• ASSIGNED TASK: Copy every record word for word. The images stay behind.

• SOURCE RECORDS:

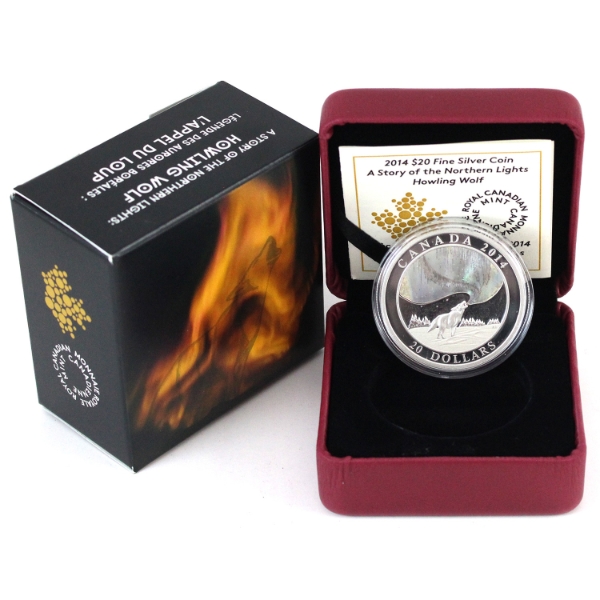 2014 $20 A Story of the Northern Lights: Howling Wolf Fine Silver Hologram Coin (Tax Exempt)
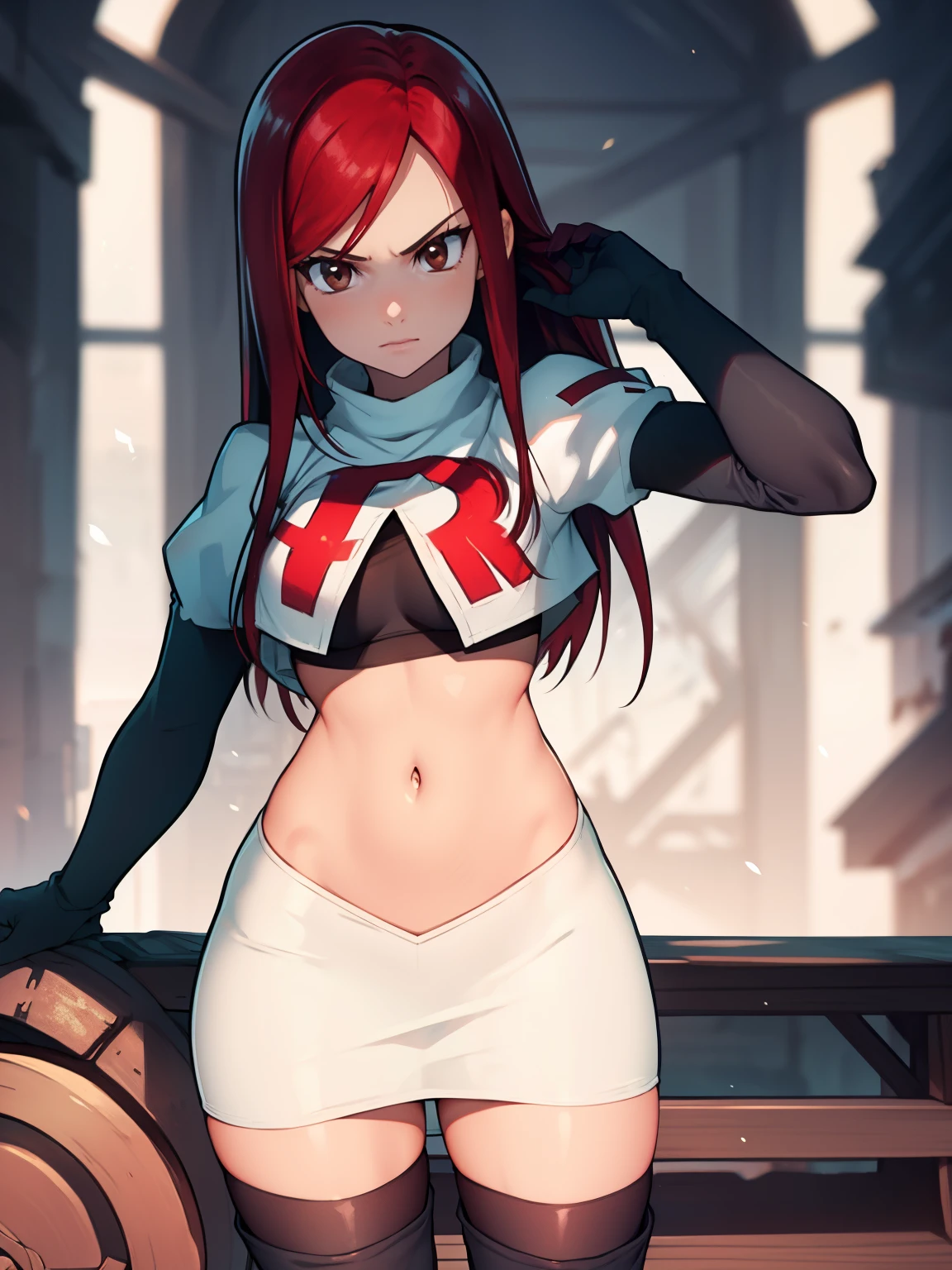 Erza Scarlet, long hair,red hair, brown eyes, ,team rocket uniform, red letter R, white skirt,white crop top,black thigh-high boots, black elbow gloves, looking at viewer, cowboy shot,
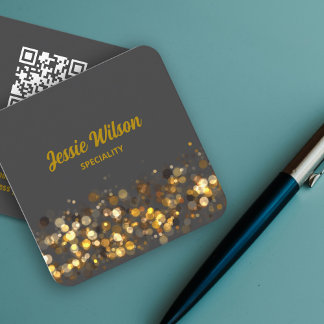 Chic QR Code Light Glitzer berufliche Pastellfarbe Quadratische Visitenkarte
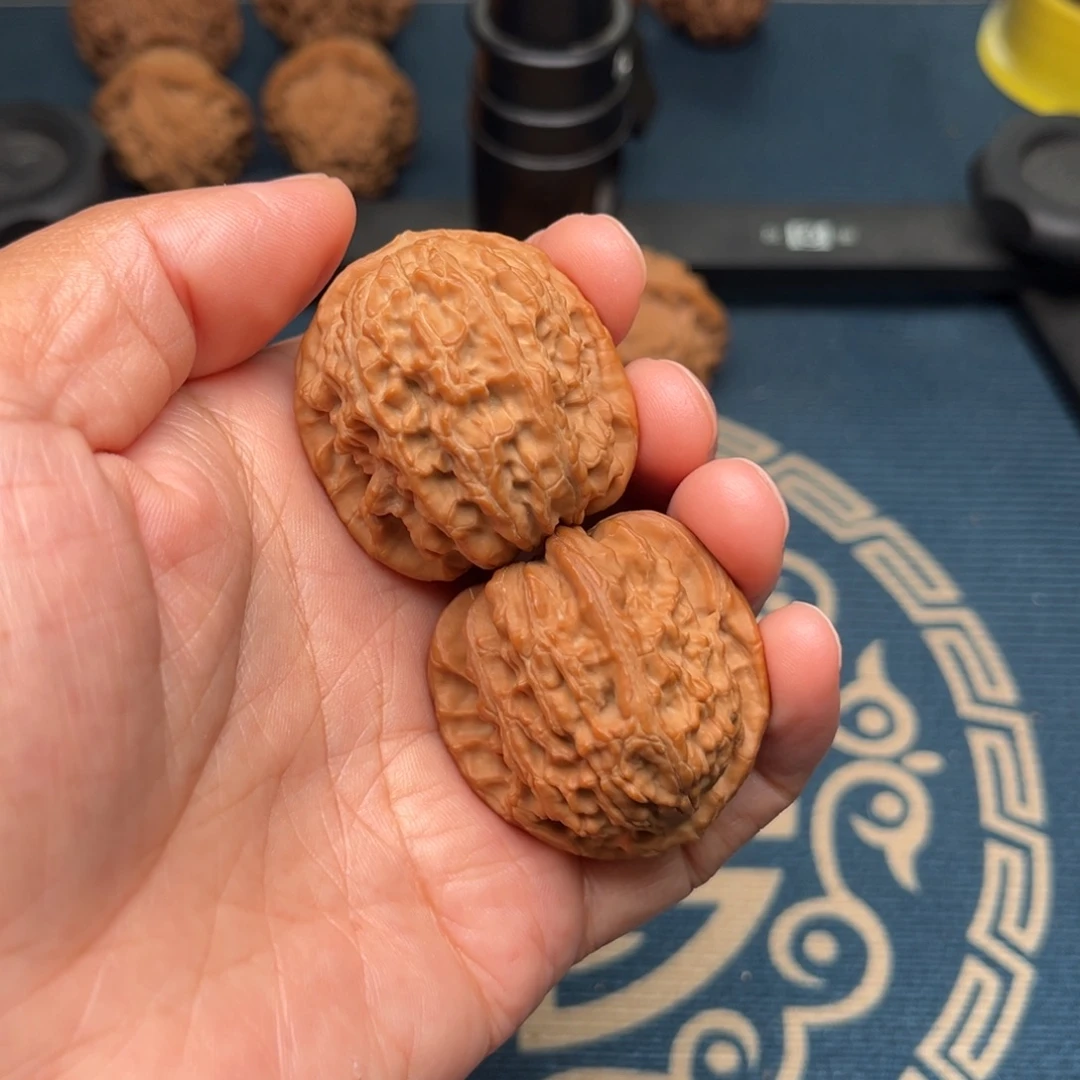 木***心把件文玩核桃白狮子
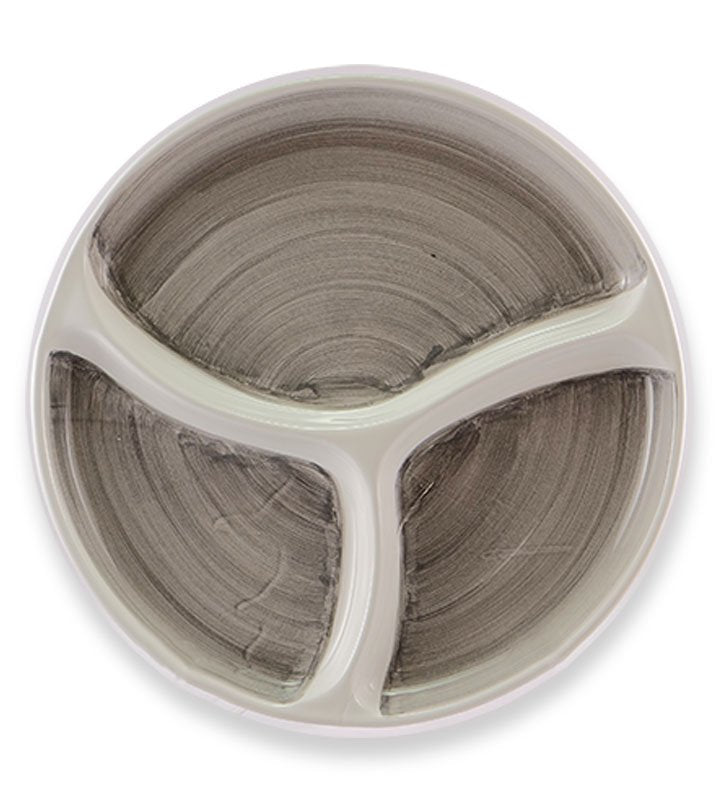 antipastiera rotonda, ceramica  siciliana, artigianale, colore grigio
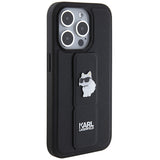 Husa de protectie Karl Lagerfeld Saffiano Gripstand (KLHCP14LGSACHPK) compatibil cu iPhone 14 Pro, Choupette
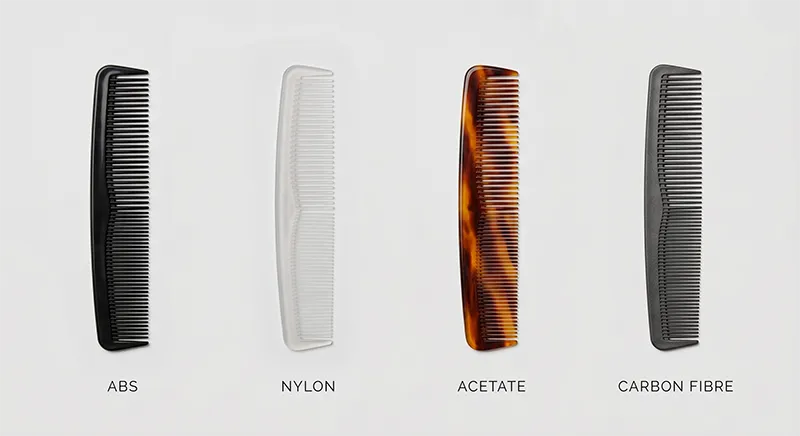 Four types of plastic combs labelled ABS, nylon, acetate, and carbon fibre on neutral background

• WRITTEN RESPONSE:
 2014 $20 A Story of the Northern Lights: Howling Wolf Fine Silver Hologram Coin (Tax Exempt)
 Erza Scarlet, long hair,red hair, brown eyes, ,team rocket uniform, red letter R, white skirt,white crop top,black thigh-high boots, black elbow gloves, looking at viewer, cowboy shot,
 Chic QR Code Light Glitzer berufliche Pastellfarbe Quadratische Visitenkarte
 木***心把件文玩核桃白狮子
 antipastiera rotonda, ceramica  siciliana, artigianale, colore grigio
 Husa de protectie Karl Lagerfeld Saffiano Gripstand (KLHCP14LGSACHPK) compatibil cu iPhone 14 Pro, Choupette
 Four types of plastic combs labelled ABS, nylon, acetate, and carbon fibre on neutral background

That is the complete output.